Il governo giallo-verde preferisce, invece, illudere chi campa di salario con un provvedimento che nemmeno nelle ipotesi più fantasiose può condizionare positivamente il mercato del lavoro e la struttura occupazionale. E che non fa nemmeno uscire dalla povertà, che appare scientemente mantenuta. D’altronde, proprio il ministro Di Maio ha spiegato che questa proposta di reddito di cittadinanza servirà ad “assicurare la sopravvivenza minima dell’individuo”, svelando la natura classista di questo provvedimento.

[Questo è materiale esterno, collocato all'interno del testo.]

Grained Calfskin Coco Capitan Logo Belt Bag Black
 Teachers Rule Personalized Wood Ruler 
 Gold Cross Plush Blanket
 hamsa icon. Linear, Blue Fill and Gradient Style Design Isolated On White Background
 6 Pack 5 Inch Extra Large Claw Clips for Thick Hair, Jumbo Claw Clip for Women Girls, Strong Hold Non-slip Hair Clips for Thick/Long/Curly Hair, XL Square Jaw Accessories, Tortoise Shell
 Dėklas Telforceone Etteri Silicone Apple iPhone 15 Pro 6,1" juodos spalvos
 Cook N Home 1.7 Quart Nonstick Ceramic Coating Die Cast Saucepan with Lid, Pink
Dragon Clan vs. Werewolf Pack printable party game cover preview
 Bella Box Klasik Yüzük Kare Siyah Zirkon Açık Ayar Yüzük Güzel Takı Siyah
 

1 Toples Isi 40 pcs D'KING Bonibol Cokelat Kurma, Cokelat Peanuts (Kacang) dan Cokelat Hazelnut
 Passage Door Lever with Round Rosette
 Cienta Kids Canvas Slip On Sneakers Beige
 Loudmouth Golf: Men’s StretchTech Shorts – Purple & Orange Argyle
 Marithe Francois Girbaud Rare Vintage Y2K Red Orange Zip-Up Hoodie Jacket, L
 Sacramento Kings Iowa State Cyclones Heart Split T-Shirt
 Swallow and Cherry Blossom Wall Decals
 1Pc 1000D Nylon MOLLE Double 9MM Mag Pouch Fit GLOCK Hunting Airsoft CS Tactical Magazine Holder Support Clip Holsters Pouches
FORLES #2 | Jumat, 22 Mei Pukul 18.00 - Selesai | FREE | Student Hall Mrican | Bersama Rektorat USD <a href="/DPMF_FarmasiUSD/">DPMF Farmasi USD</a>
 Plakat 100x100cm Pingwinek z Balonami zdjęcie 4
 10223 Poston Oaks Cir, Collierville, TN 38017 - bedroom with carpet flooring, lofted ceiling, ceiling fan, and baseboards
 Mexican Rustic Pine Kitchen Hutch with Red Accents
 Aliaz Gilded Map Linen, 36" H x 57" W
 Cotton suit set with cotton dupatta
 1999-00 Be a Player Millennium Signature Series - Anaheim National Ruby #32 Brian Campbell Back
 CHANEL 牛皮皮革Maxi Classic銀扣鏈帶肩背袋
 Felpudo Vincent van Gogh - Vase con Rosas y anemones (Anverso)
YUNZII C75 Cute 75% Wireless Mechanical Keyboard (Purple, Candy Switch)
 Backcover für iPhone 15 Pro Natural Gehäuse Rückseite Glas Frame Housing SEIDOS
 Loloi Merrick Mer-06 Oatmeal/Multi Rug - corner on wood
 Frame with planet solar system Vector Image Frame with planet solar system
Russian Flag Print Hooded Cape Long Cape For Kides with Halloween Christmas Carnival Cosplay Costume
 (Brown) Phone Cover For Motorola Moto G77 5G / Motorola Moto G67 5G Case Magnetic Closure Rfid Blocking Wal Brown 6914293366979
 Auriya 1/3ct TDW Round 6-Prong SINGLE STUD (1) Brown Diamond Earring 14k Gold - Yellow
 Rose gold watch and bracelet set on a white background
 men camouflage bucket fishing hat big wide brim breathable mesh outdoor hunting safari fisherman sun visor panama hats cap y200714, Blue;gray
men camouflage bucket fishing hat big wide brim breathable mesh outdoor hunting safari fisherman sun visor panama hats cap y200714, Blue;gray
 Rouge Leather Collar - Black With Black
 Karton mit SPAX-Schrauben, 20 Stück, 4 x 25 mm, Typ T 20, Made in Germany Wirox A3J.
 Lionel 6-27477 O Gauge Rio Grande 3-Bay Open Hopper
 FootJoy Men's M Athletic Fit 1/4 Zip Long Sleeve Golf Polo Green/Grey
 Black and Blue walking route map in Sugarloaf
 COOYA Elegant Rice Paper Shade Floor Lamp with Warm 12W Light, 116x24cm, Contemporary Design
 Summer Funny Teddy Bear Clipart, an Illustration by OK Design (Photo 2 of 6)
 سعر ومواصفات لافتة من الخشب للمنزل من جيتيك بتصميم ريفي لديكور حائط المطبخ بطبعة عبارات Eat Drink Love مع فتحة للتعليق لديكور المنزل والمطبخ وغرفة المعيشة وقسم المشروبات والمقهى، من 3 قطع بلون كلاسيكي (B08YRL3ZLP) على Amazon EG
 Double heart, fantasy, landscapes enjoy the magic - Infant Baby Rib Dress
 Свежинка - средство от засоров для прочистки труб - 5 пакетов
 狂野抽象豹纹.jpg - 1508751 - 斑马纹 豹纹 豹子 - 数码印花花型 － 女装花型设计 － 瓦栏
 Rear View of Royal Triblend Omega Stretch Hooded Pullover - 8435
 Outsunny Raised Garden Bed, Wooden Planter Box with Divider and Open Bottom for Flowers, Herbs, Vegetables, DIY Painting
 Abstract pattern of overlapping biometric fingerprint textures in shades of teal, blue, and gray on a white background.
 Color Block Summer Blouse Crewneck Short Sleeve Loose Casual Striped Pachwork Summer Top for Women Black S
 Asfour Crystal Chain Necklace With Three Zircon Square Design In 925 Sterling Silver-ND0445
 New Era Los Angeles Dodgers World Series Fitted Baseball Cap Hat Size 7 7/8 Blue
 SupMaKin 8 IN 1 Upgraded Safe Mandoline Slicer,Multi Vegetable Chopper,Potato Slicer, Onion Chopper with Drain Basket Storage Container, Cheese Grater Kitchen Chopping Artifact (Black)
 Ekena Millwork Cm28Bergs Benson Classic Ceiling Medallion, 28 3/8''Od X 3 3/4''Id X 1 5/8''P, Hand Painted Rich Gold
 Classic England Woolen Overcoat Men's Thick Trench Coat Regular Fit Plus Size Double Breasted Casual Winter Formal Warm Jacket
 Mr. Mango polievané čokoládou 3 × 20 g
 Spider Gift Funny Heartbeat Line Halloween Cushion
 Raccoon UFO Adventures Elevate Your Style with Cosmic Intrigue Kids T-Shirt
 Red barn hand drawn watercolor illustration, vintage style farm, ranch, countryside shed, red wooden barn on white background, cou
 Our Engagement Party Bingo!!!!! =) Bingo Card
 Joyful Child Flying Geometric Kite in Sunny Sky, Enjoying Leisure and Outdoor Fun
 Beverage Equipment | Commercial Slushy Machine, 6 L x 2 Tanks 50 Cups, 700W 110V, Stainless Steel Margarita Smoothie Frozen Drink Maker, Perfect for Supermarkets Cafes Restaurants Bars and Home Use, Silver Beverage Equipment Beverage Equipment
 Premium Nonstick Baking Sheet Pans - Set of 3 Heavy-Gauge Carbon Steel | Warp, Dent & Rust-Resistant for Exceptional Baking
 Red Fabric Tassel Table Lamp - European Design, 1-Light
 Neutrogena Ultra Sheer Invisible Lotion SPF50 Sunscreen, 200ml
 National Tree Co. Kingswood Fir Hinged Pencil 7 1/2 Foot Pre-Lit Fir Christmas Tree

Quello che ammette Di Maio è che i poveri non devono uscire dalla povertà, devono solo desiderare ansiosamente di potersi liberare dalla condizione di bisogno. Nel frattempo che agognano una vita migliore, milioni di persone tenute al limite della soglia di povertà assoluta rappresentano una riserva di mano d’opera e cervelli sempre ed obbligatoriamente disponibile alle condizioni di lavoro imposte e da cui attingere a piene mani.
Il reddito di cittadinanza, soprattutto con le numerose condizioni poste nella versione pentaleghista, è la carota che serve per continuare a picchiare con il bastone dello sfruttamento. Perché in realtà questo governo non ha nessuna intenzione di intaccare le enormi disuguaglianze. Perciò per il governo grillo-leghista i poveri non devono vivere, devono, al massimo, sopravvivere per riprodurre gli stessi rapporti sociali di sfruttamento.